Usa, la crisi del Partito democratico è irreversibile. La politica ossessiva contro Trump non paga

13 Mar 2020 12:43 - di Claudio Pasquini Peruzzi
trump

Usa, il Pd è senza speranza. L’inesorabile crisi di identità che dal 2016 (anno dell’elezione di  Trump)  avvolge il Partito democratico statunitense non sembra avere via d’uscita. La luce alla fine del tunnel appare sempre più distante. E irraggiungibile.

Usa, Il Pd è senza chances

Il Partito democratico dinamico e rivoluzionario, almeno nelle intenzioni, non ha via d’uscita. Si era costruito attorno alla figura emergente dell’allora Barack Obama. Giovane astro nascente della politica statunitense e democratica. Portatore di un linguaggio innovativo e carismatico. Dopo aver dominato il palcoscenico politico dal 2008 al 2016, appartiene oramai ad un’epoca lontana. Riposta nel dimenticatoio della memoria politica. Quello attuale è un partito inabissato in una profonda crisi d’identità. Incapace di mettersi in discussione. E inconsapevole del fallimento della sua (non) strategia politica.

Una politica miope tutta anti-Trump

Dal momento dell’insediamento di Donald Trump alla Casa Bianca il partito democratico ha portato avanti una politica di opposizione esclusivamente in chiave anti-Trump. Miope e distruttiva. Un “anti-trumpismo” senza confine ed esasperante. Diventato parte integrante della raison d’être dei democratici. Sempre più alla deriva e privi di un programma con delle proposte mirate.

Il boomerang dell’impeachment

L’esempio lampante è la procedura di messa in stato di accusa nei confronti del presidente (impeachment). Con cui i democratici rischiano paradossalmente, vista la recente assoluzione di Trump da parte del Senato a maggioranza repubblicana, di ottenere il risultato opposto a quello auspicato. Ovvero il secondo mandato del magnate. E tutto ciò perché l’atteggiamento fanatico ed irrazionale “dell’anti-trumpismo” non fa altro che alimentare il consenso nei confronti di Trump. Un fenomeno che non si sconfigge nelle aule di tribunale. Né tantomeno mediante l’uso strumentale della narrazione conformista. Veicolata quotidianamente dalla stampa. Tesa a screditare l’operato dell’amministrazione repubblicana, bensì nelle urne.

Il partito democratico riversa dunque in uno stato di isteria, il cui apice di crisi si è manifestato il 5 febbraio in occasione del discorso al Congresso del presidente Trump sullo Stato dell’Unione, quando Nancy Pelosi, figura di spicco dei democratici, nonché presidente della Camera dei rappresentanti, ha strappato, con un gesto fortemente simbolico e teatrale, il testo del discorso pronunciato da Trump.

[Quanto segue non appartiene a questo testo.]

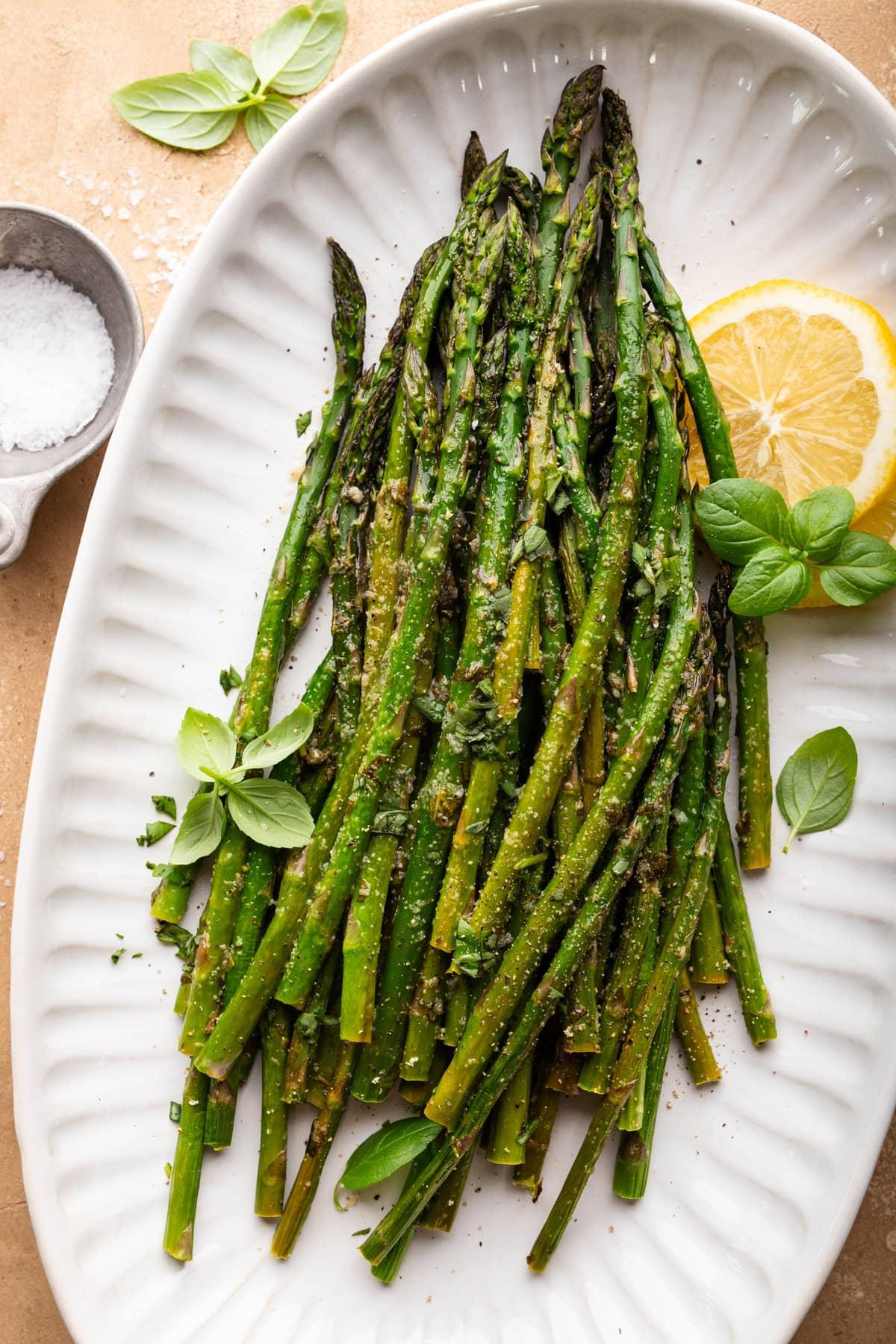 person preparing basil wrapped asparagus in the kitchen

Il dissenso interno ha consumato i consensi

Negli ultimi anni, il percorso politico del partito democratico è stato caratterizzato da un forte dissenso interno. Mutatosi in due correnti principali, che hanno alimentato una divisione ideologica. Già presente nel duello tra Hillary Clinton e Bernie Sanders nell’ambito delle primarie democratiche del 2015-2016. Da una parte i democratici moderati e dall’altra i socialdemocratici. Questa frattura interna continua ad essere parte integrante della vita politica del partito democratico. Dallo scontro Clinton-Sanders si è passati al duello Biden-Sanders. Saranno loro i protagonisti del duello finale delle primarie democratiche che si stanno svolgendo.

È cambiato uno dei due contendenti, rispetto al 2015, ma la contrapposizione ideologica è immutata. E pone il moderatismo di Joe Biden, già vicepresidente nell’amministrazione Obama, contro la rivoluzione populista anti-élitaria del socialista Bernie Sanders. Insomma, la classica dicotomia “casta contro élite”.

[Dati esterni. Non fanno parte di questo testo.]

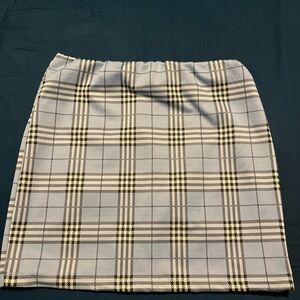 Small blue and white mini skirt from love tree.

Al contrario di Biden, sostenuto da quasi la totalità del partito democratico e forte dell’appoggio dei mezzi di informazione, il senatore del Vermont, Bernie Sanders, risponde ad una domanda di radicalità. Presente in una parte del tessuto sociale americano, in particolare tra i giovani, che chiede con forza il rovesciamento dello status quo.

Manca poco meno di un anno alle prossime elezion. Eil partito democratico deve scegliere il candidato e, di conseguenza, la strategia da adottare per sconfiggere il presidente in carica. Nel corso di questo primo mandato presidenziale Trump è riuscito a plasmare il partito repubblicano a sua immagine e somiglianza. Mentre i democratici rimangono divisi in due correnti. Con quella moderata rimasta ancorata all’era di Obama. Che non riesce a conciliarsi con l’ala più radicale e progressista del partito.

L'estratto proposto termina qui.